Wang Daniel Y, Mooradian Meghan J, Kim DaeWon, Shah Neil J, Fenton Sarah E, Conry Robert M, Mehta Rutika, Silk Ann W, Zhou Alice, Compton Margaret L, Al-Rohil Rami N, Lee Sunyoung, Voorhees Amber L, Ha Lisa, McKee Svetlana, Norrell Jacqueline T, Mehnert Janice, Puzanov Igor, Sosman Jeffrey A, Chandra Sunandana, Gibney Geoffrey T, Rapisuwon Suthee, Eroglu Zeynep, Sullivan Ryan, Johnson Douglas B
Department of Medicine, Vanderbilt University, Nashville, TN, USA.
Department of Medicine, Massachusetts General Hospital, Boston, MA, USA.

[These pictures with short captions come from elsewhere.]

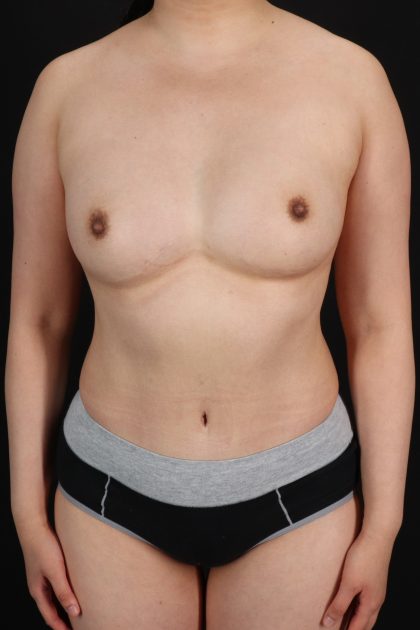 All Me Augmentation Before & After Patient #10276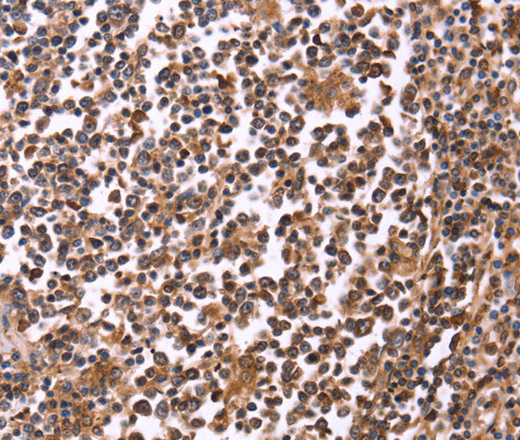 Immunohistochemistry of paraffin-embedded Human tonsil tissue using CRK Polyclonal Antibody at dilution 1:40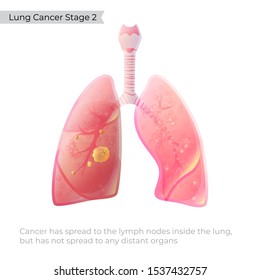 Vector isolated illustration of lung anatomy with tumor. Human respiratory system icon. Second of four stages of lungs cancer. Internal donor organ symbol poster. Image 2 of 4.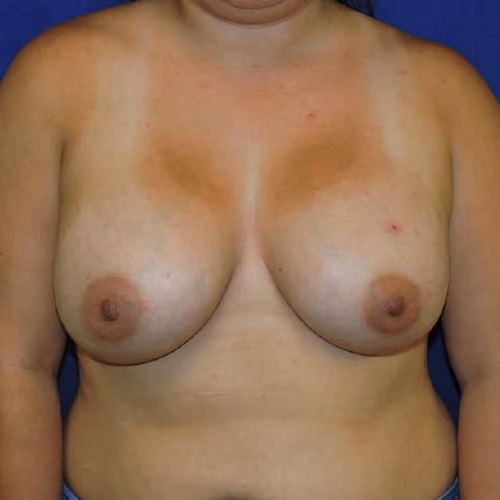 Breast Augmentation before and after, case 7303 - Cool Springs Plastic Surgery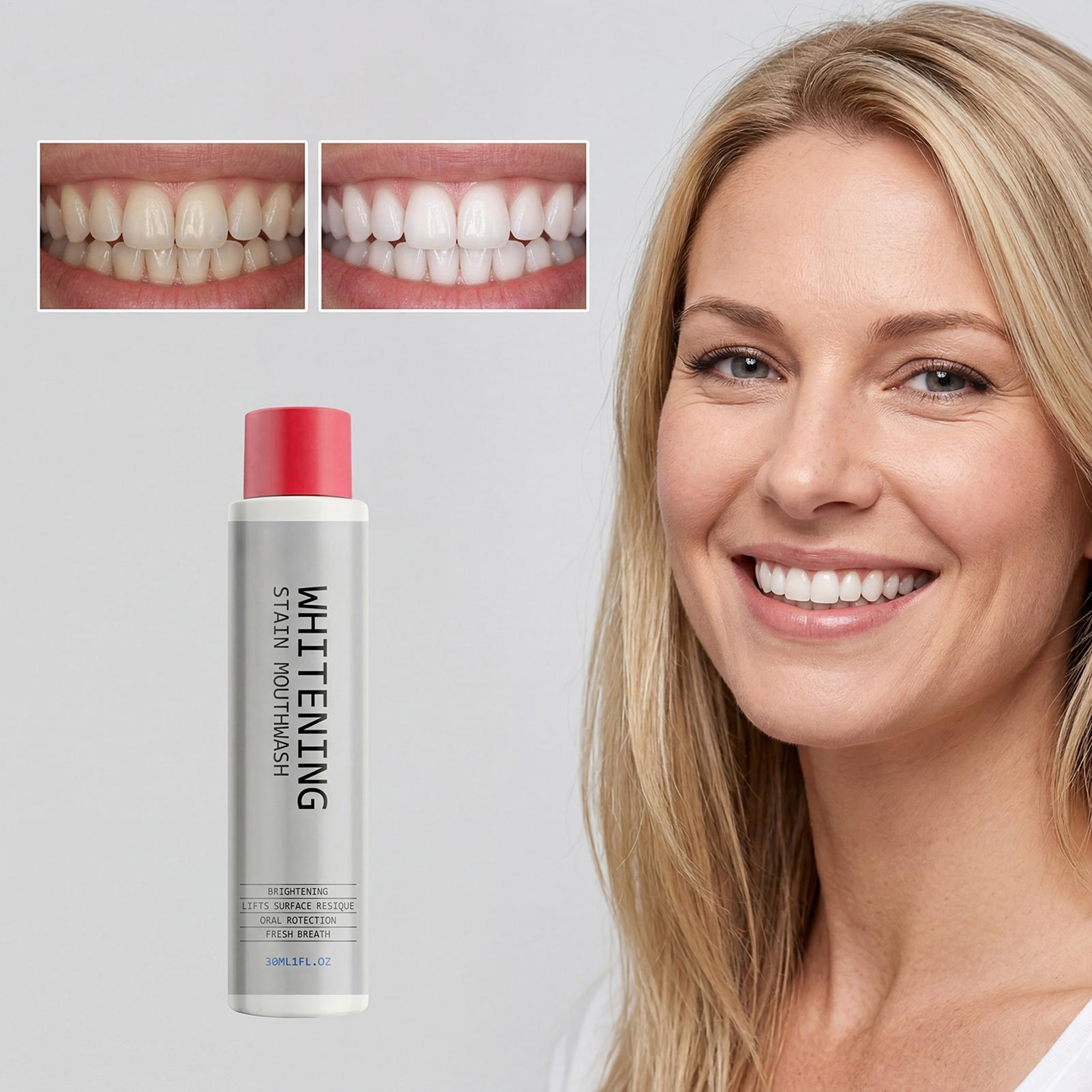 30ml 얼룩 제거 구강청결제, 냄새 제거, 치아 미백 - Whitening Mouthwash 리뷰 및 가격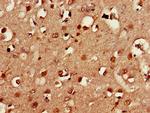 CXorf1 Antibody in Immunohistochemistry (Paraffin) (IHC (P))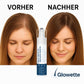 Glowette® Haarwachstum Roll-On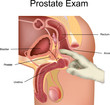 Prostate Exam
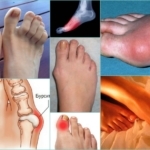 Болят суставы пальцев ног: средство от боли, от чего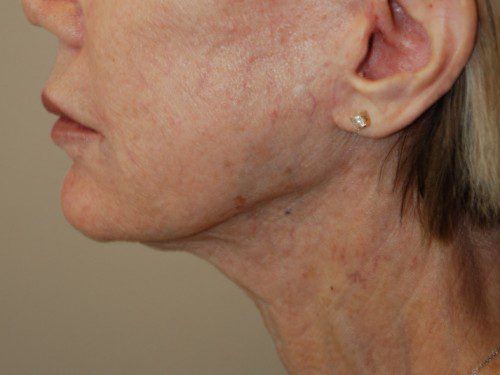 Facelift After Patient 3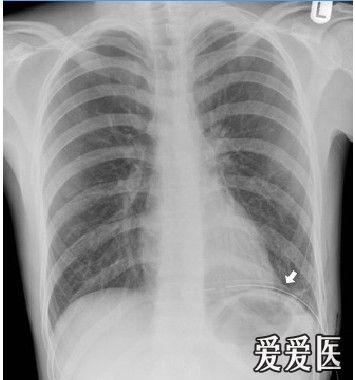 呼吸版经验交流(7)气胸:影像学解读指南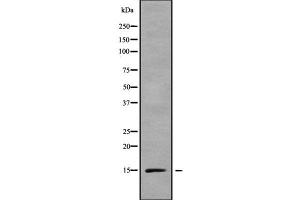 Western blot analysis of RPS15A using LOVO whole cell lysates (RPS15A antibody  (Internal Region))
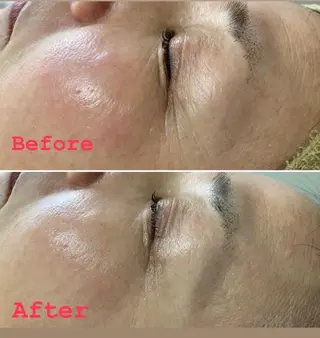 セミロング パーマ ヘアアレンジ メンズ キッズ ネイル マツエク・マツパ アイブロウ 毛穴，ニキビ跡 改善総合サロンのその他イメージ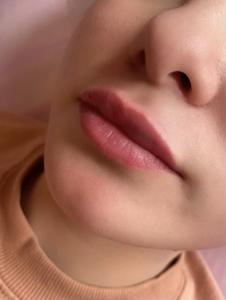 Увеличение губ гиалуроновой кислотой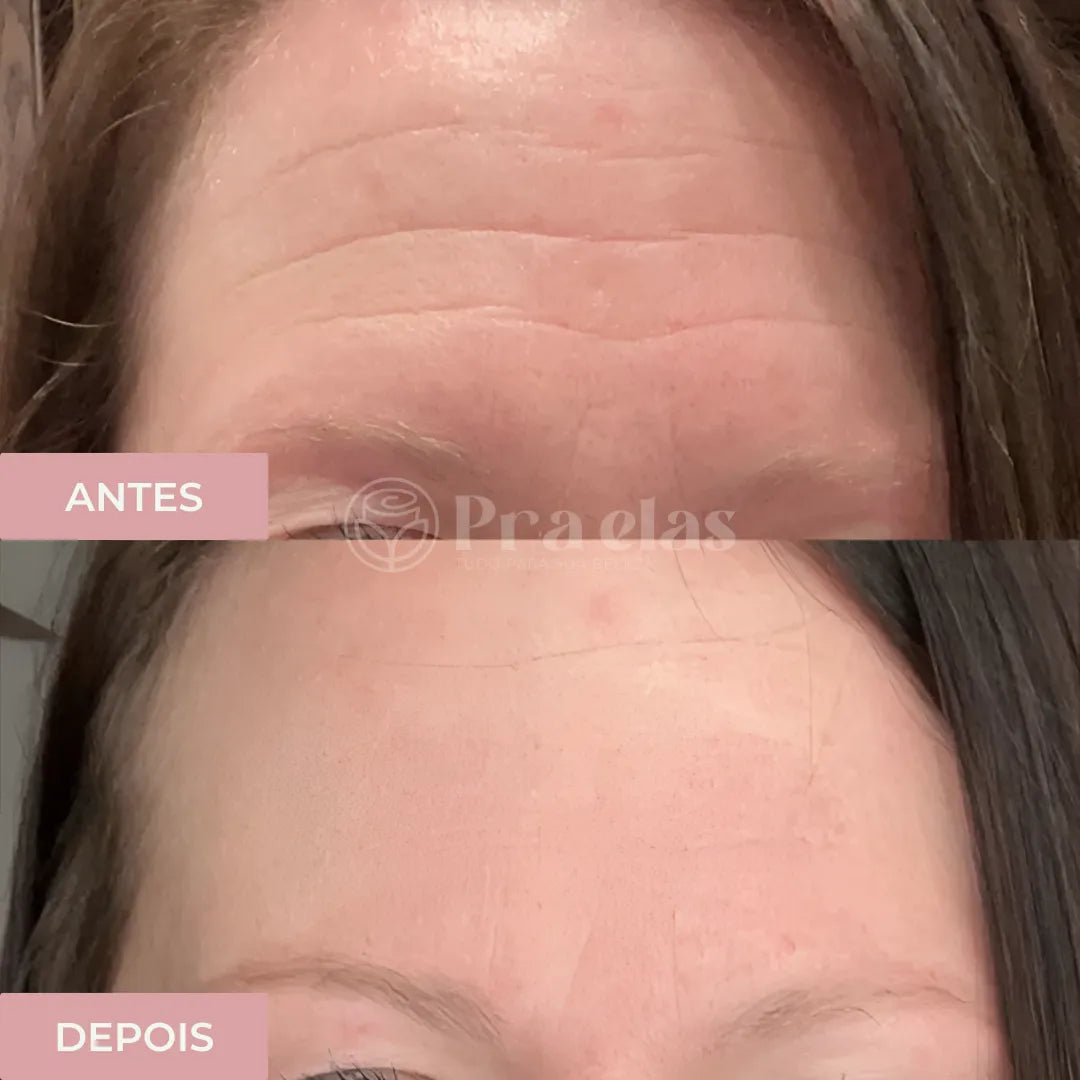 Creme Antirrugas Instantâneo - (8 Horas de Duração) ®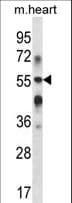 GLCT2 / B3GALT2 Antibody (aa394-422)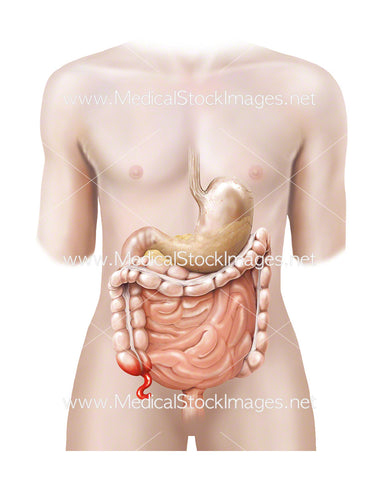 Androgynous Figure with an Inflamed Appendix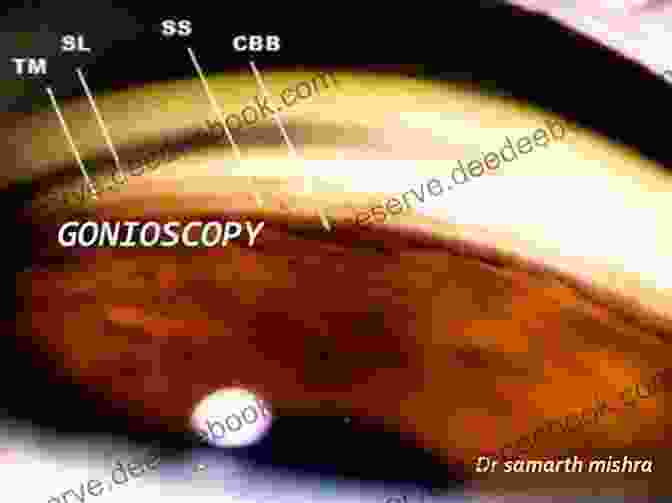 Gonioscopic Findings In Open Angle Glaucoma, Showing A Narrow Angle With An Occluded Trabecular Meshwork. Gonioscopy: A Text And Atlas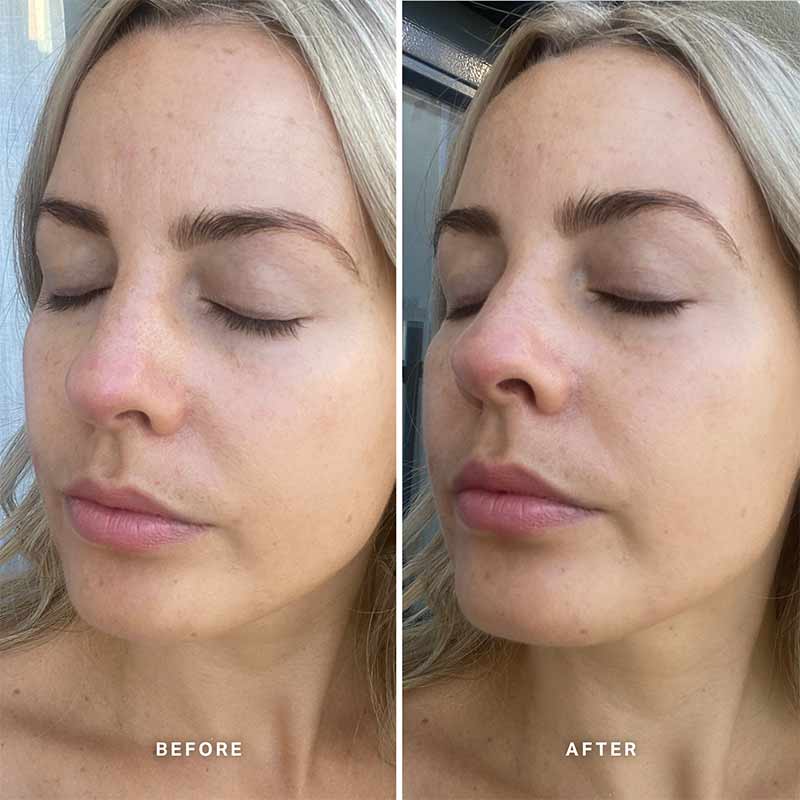 Alpha H Vitamin E Serum with 1% Ceramide Complex - Anti-Aging Face Serum for Hydration & Skin Repair - Perfect for Dry, Sensitive Skin & Nighttime Skincare Routine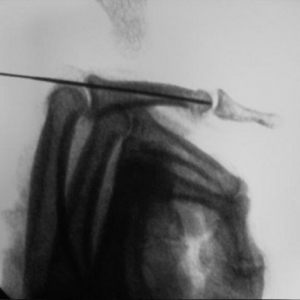 J Hand Surg：闭合复位经皮科氏针固定中节指骨颈部骨折的手术技巧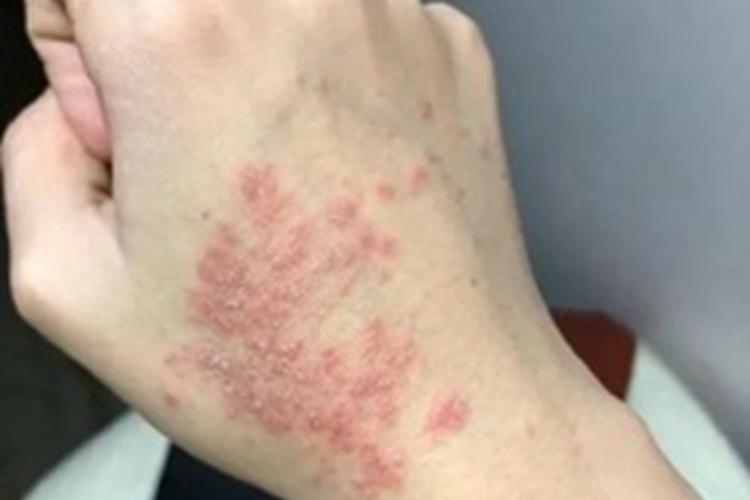 妊娠疱疹手背红斑图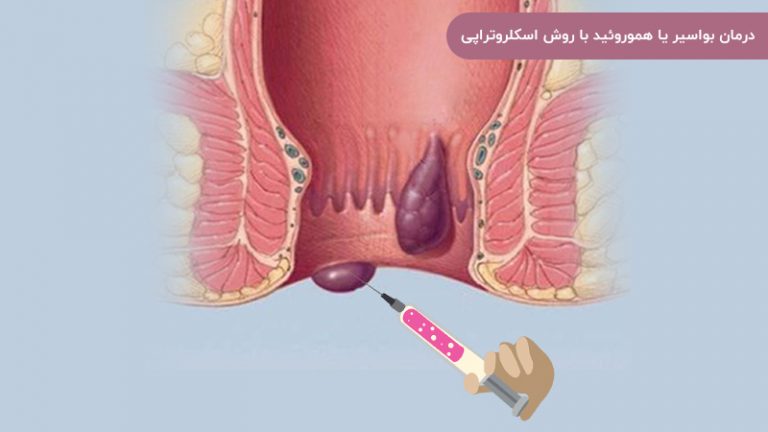 درمان بواسیر یا هموروئید با روش اسکلروتراپی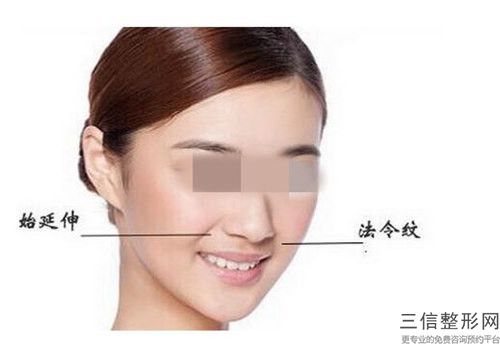 激光嫩膚除皺適應(yīng)哪些人群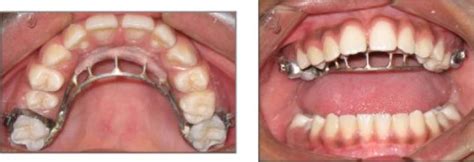 How Your Tongue can Affect Braces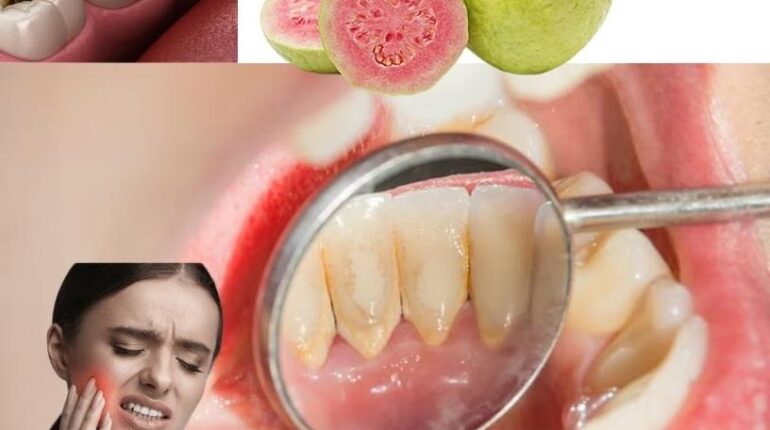 cloves for oral health dental care tips garlic home remedies guava leaves antibacterial benefits Herbal Medicine natural remedies 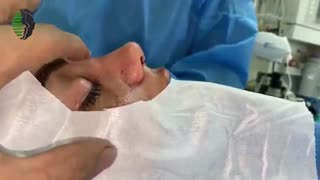 جراحی بینی به فرم پرانتزی با پوست ضخیم | دکتر باستانی نژاد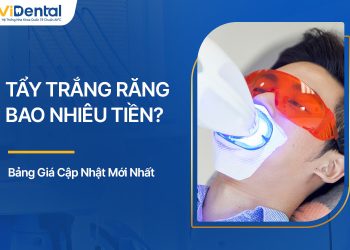 Tẩy Trắng Răng Bao Nhiêu Tiền? Bảng Giá Mới Nhất Hiện Nay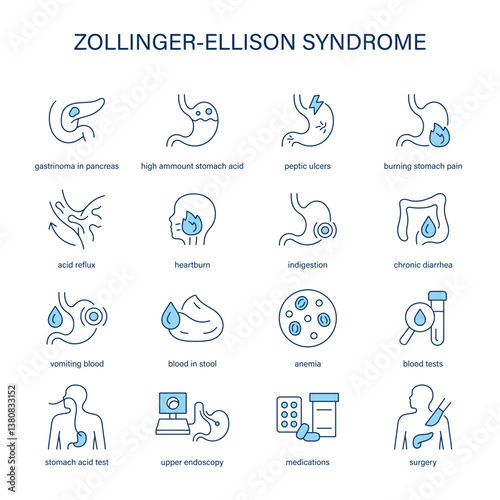 Zollinger-Ellison Syndrome symptoms, diagnostic and treatment vector icons. Medical icons.
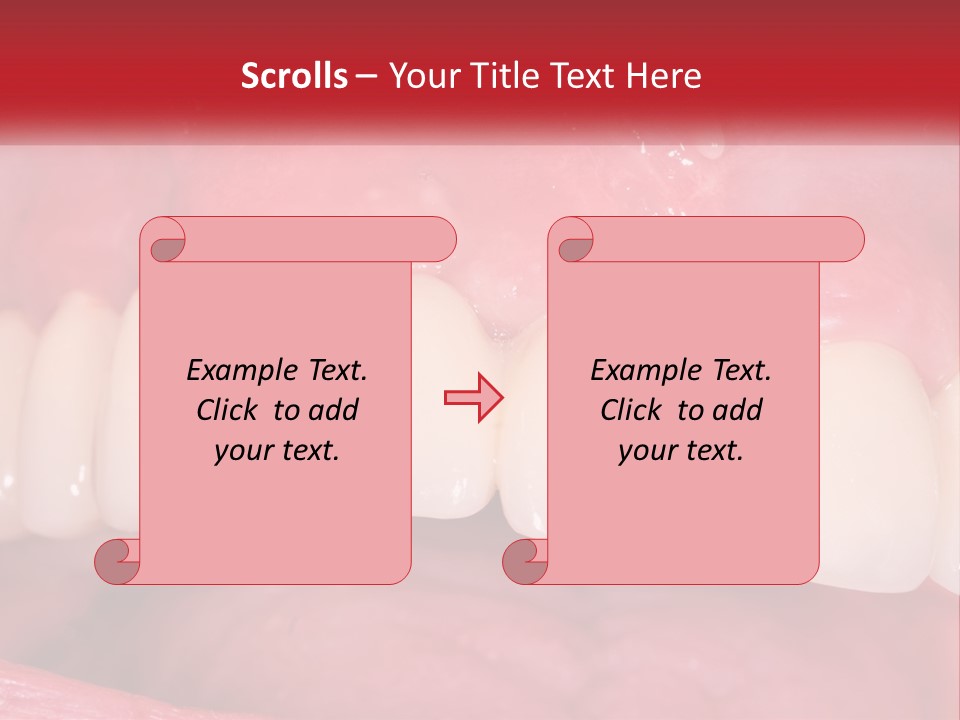 A Close Up Of A Tooth With A Plaque On It PowerPoint Template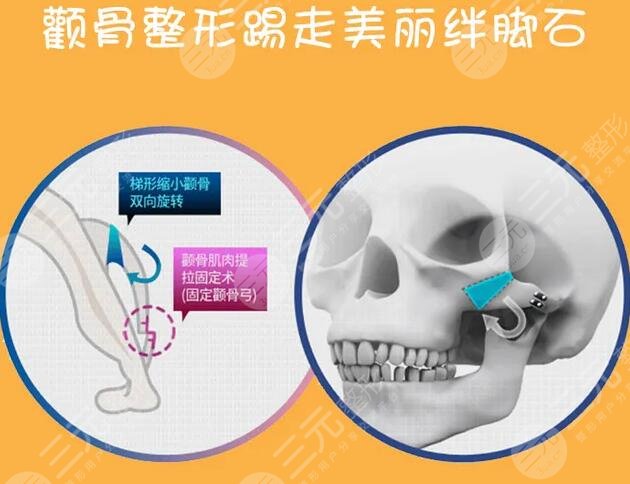 金勇圭顴骨怎么樣?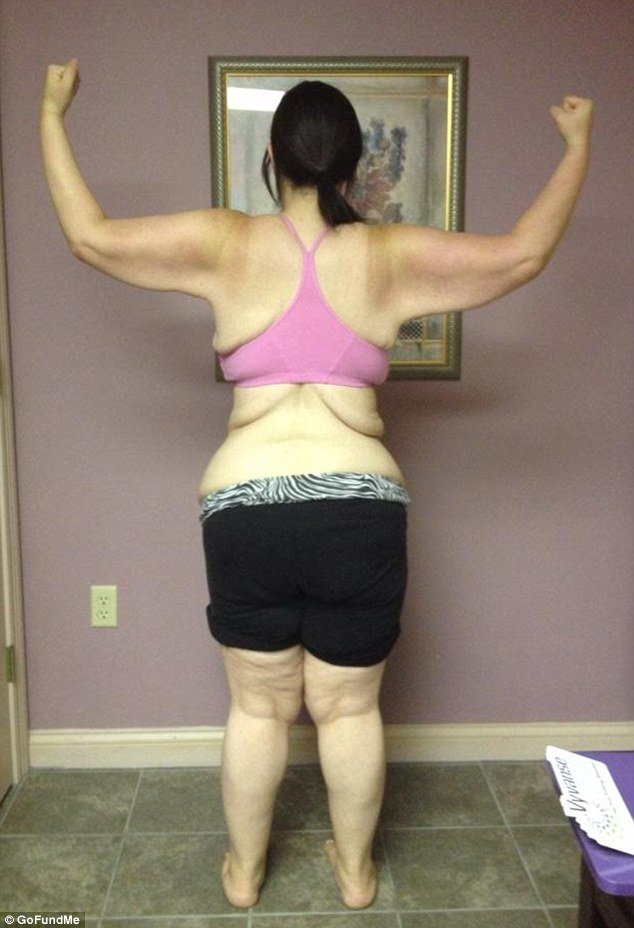 Ετσι γίνεται το σώμα μετά από μεγάλη απώλεια κιλών -Η 19χρονη που ζύγιζε 188 κιλά και έχασε 95 [εικόνες] | iefimerida.gr 1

Oncoimmunology. 2018 Oct 31;8(1):e1524695. doi: 10.1080/2162402X.2018.1524695. eCollection 2019.
Colitis is a frequent, clinically-significant immune-related adverse event caused by anti-programmed death-1 (PD-1). The clinical features, timing, and management of colitis with anti-PD-1-based regimens are not well-characterized. Patients with advanced melanoma that received either anti-PD-1 monotherapy ("monotherapy") or combined with ipilimumab ("combination therapy") were screened from 8 academic medical centers, to identify those with clinically-relevant colitis (colitis requiring systemic steroids). Of 1261 patients who received anti-PD-1-based therapy, 109 experienced colitis. The incidence was 3.2% (30/937) and 24.4% (79/324) in the monotherapy and combination therapy cohorts, respectively. Patients with colitis from combination therapy had significantly earlier symptom onset (7.2 weeks vs 25.4 weeks, < 0.0001), received higher steroid doses (median prednisone equivalent 1.5 mg/kg vs 1.0 mg/kg, = 0.0015) and experienced longer steroid tapers (median 6.0 vs 4.0 weeks, = 0.0065) compared to monotherapy. Infliximab use and steroid-dose escalation occurred more frequently in the combination therapy cohort compared to monotherapy. Nearly all patients had resolution of their symptoms although one patient died from complications. Anti-PD-1 associated colitis has a variable clinical presentation, and is more frequent and severe when associated with combination therapy. This variability in checkpoint-inhibitor associated colitis suggests that further optimization of treatment algorithms is needed.
结肠炎是由抗程序性死亡-1(PD-1)引起的一种常见的、具有临床意义的免疫相关不良事件。基于抗PD-1方案的结肠炎的临床特征、发病时间和管理尚未得到充分描述。从8个学术医疗中心筛选了接受抗PD-1单药治疗(“单药治疗”)或联合伊匹木单抗(“联合治疗”)的晚期黑色素瘤患者,以确定那些患有临床相关结肠炎(需要全身使用类固醇的结肠炎)的患者。在1261例接受基于抗PD-1治疗的患者中,109例发生了结肠炎。单药治疗组和联合治疗组的发病率分别为3.2%(30/937)和24.4%(79/324)。与单药治疗相比,联合治疗引起结肠炎的患者症状出现明显更早(7.2周对25.4周,<0.0001),接受的类固醇剂量更高(泼尼松等效剂量中位数1.5mg/kg对1.0mg/kg,=0.0015),类固醇减量时间更长(中位数6.0周对4.0周,=0.0065)。与单药治疗相比,联合治疗组使用英夫利昔单抗和增加类固醇剂量的情况更频繁。几乎所有患者的症状都得到了缓解,尽管有1例患者死于并发症。抗PD-1相关结肠炎的临床表现各异,与联合治疗相关时更常见且更严重。这种检查点抑制剂相关结肠炎的变异性表明需要进一步优化治疗方案。